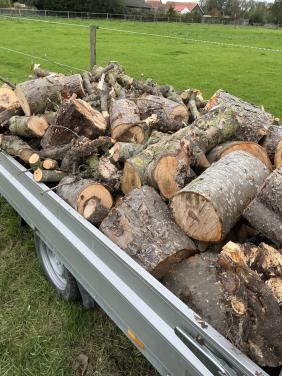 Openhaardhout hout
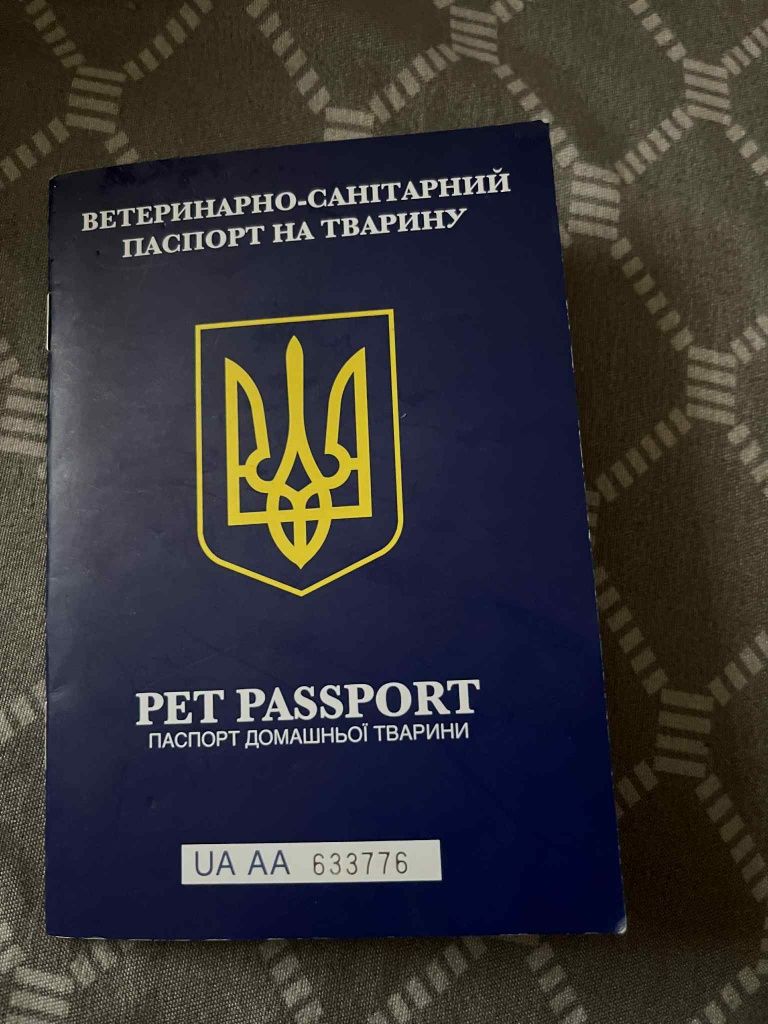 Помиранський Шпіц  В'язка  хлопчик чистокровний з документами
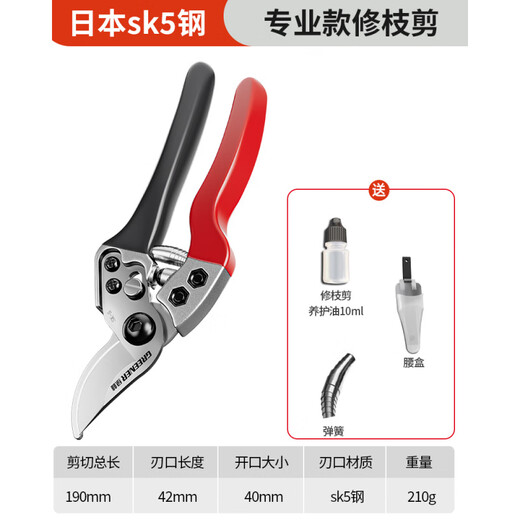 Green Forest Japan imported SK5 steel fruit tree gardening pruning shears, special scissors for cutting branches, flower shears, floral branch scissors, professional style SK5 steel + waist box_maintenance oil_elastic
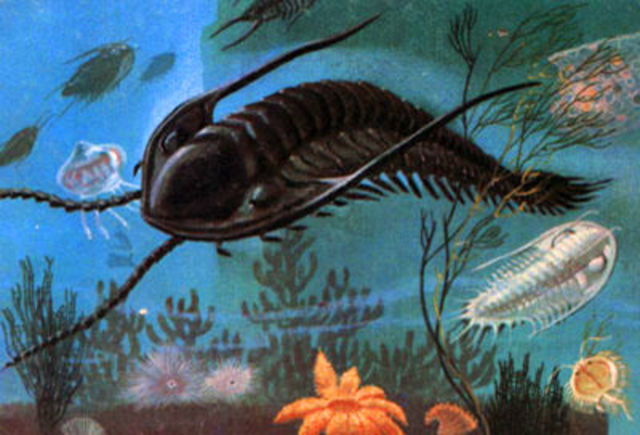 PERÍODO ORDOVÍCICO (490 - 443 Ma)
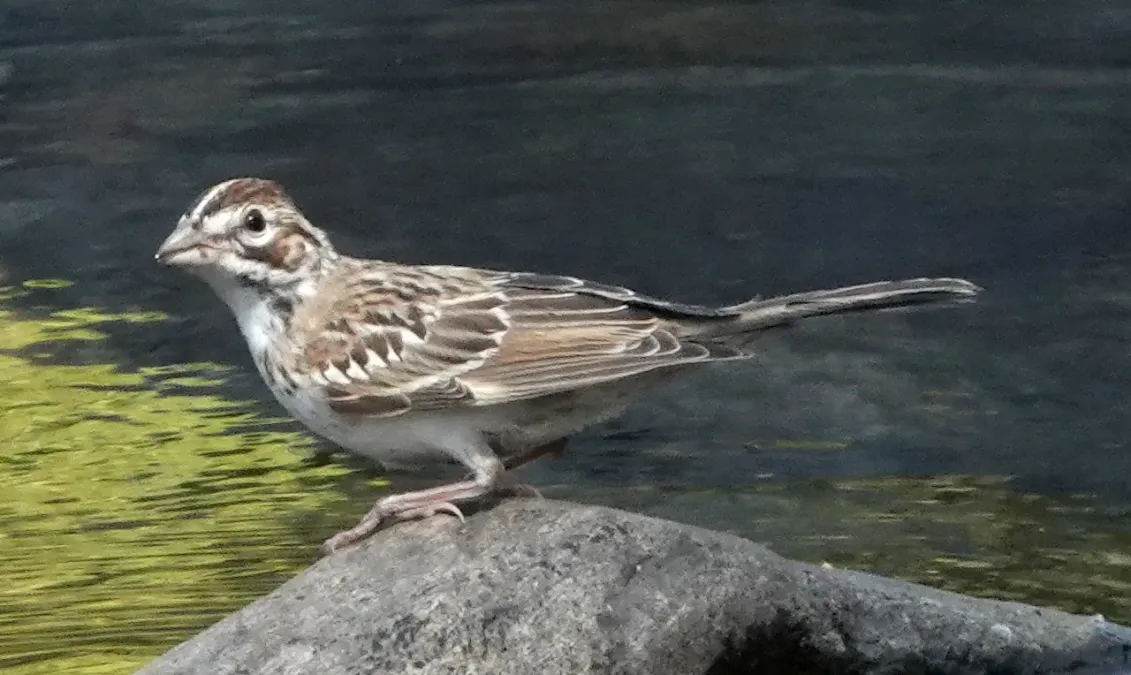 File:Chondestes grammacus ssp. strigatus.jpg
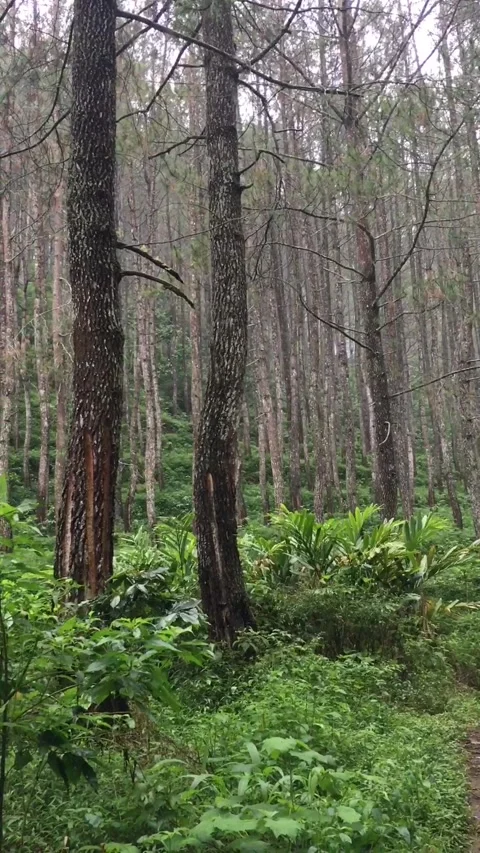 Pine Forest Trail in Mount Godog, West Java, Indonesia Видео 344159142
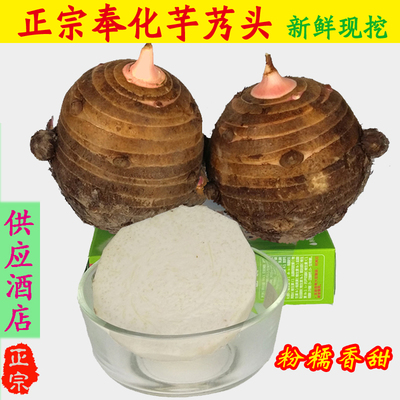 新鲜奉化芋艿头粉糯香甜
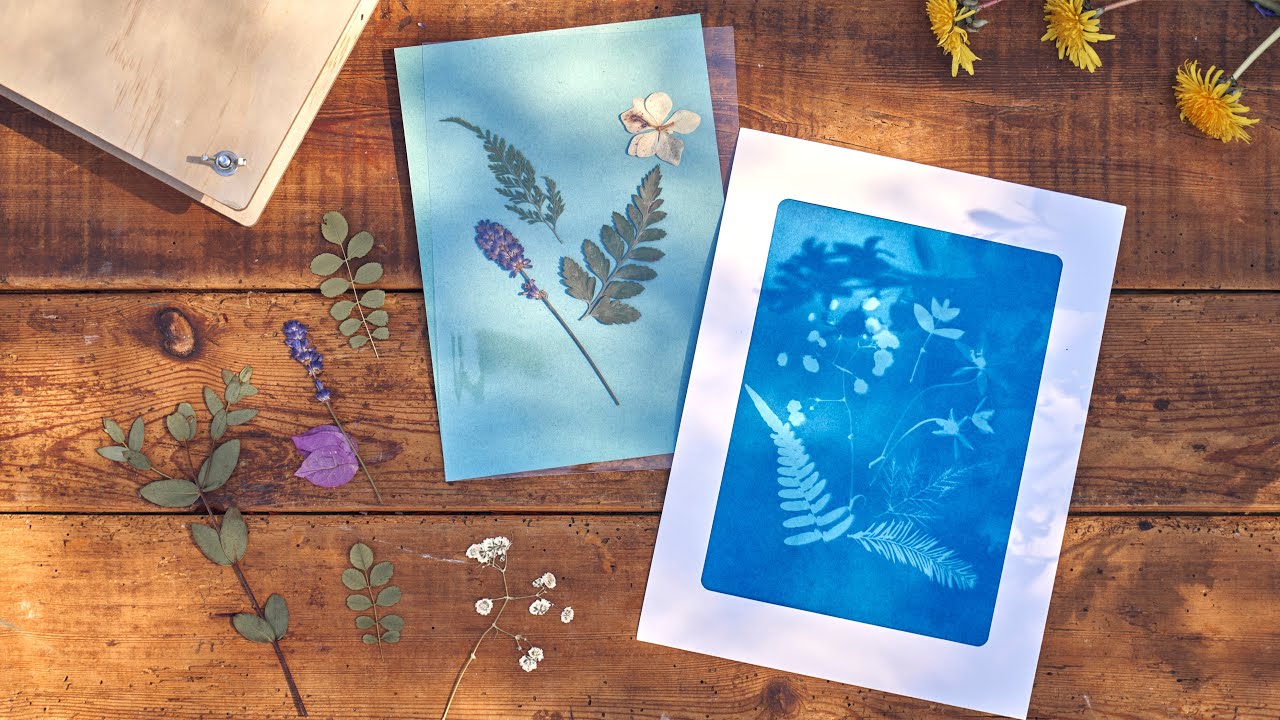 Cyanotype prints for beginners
-*-
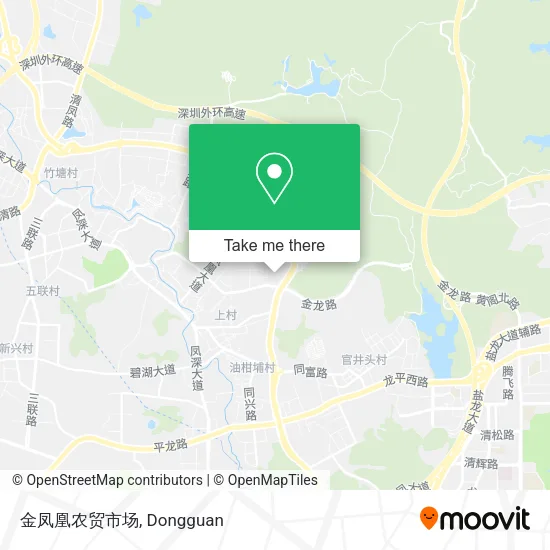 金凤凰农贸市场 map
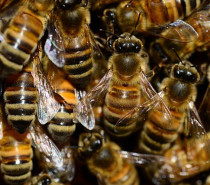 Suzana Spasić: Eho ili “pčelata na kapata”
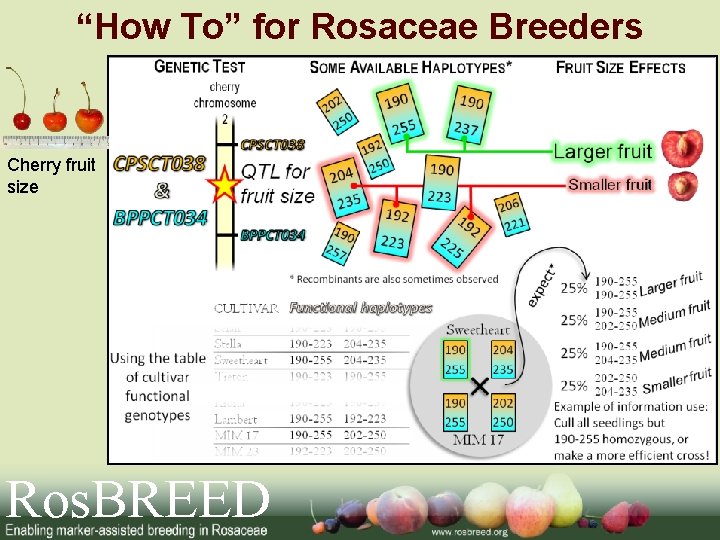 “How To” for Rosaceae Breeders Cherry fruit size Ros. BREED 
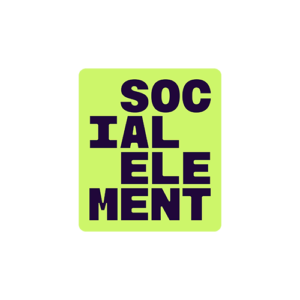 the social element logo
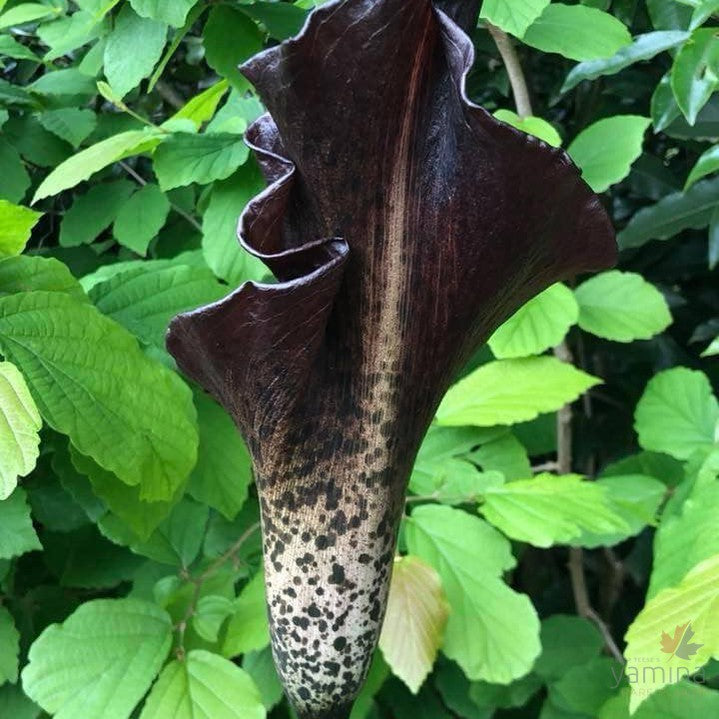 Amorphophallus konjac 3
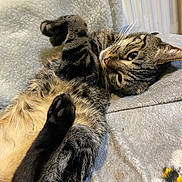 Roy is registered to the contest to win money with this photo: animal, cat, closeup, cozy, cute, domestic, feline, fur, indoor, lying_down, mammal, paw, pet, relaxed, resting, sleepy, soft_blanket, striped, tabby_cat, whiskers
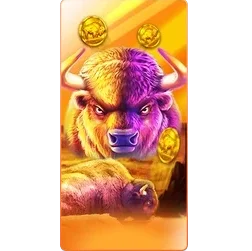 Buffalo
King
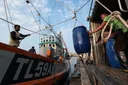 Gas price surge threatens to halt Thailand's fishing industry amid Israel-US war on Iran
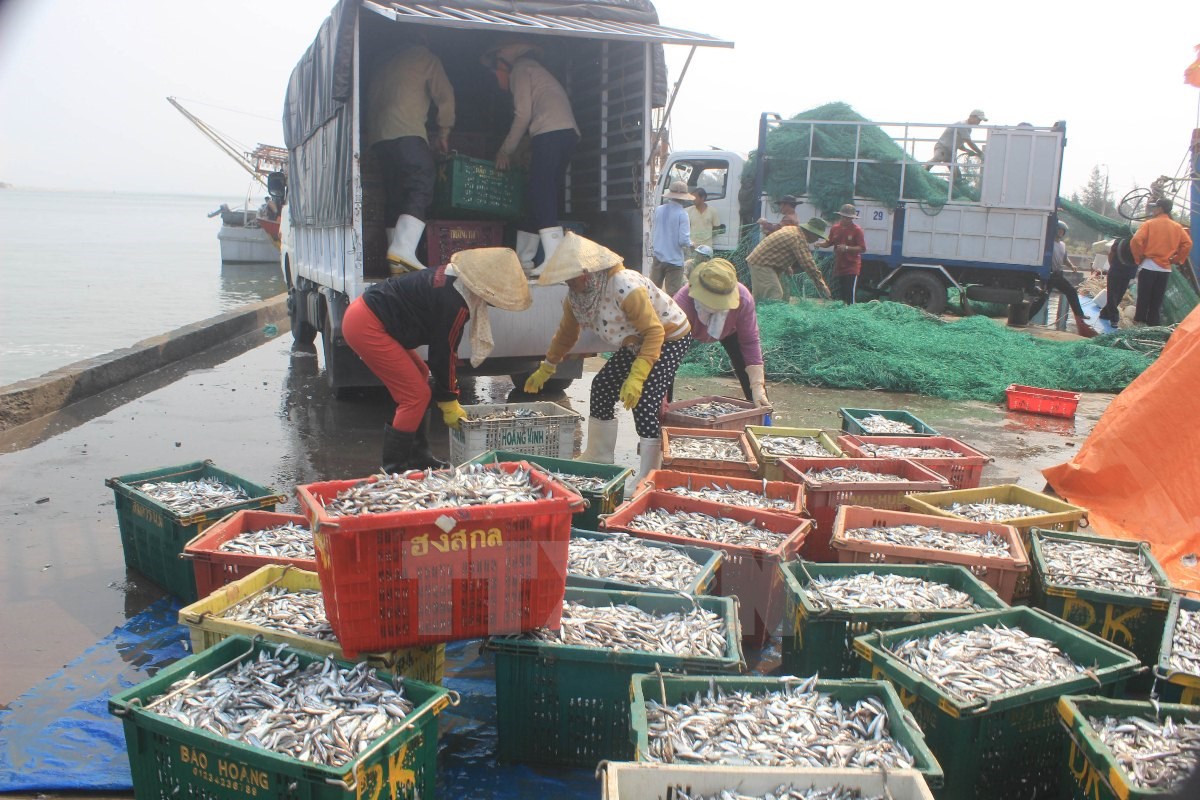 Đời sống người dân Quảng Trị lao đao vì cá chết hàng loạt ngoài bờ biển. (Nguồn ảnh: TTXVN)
-*-
How to complete this task
For this exercise, reproduce exactly the lines of the records above from the one with "金凤凰农贸市场 map" up to and including the one with "Đời sống người", without pictures.

Written solution
 金凤凰农贸市场 map
 Suzana Spasić: Eho ili “pčelata na kapata”
 “How To” for Rosaceae Breeders Cherry fruit size Ros. BREED 
 the social element logo
 Amorphophallus konjac 3
 Roy is registered to the contest to win money with this photo: animal, cat, closeup, cozy, cute, domestic, feline, fur, indoor, lying_down, mammal, paw, pet, relaxed, resting, sleepy, soft_blanket, striped, tabby_cat, whiskers
 Buffalo
King
 Gas price surge threatens to halt Thailand's fishing industry amid Israel-US war on Iran
 Đời sống người dân Quảng Trị lao đao vì cá chết hàng loạt ngoài bờ biển. (Nguồn ảnh: TTXVN)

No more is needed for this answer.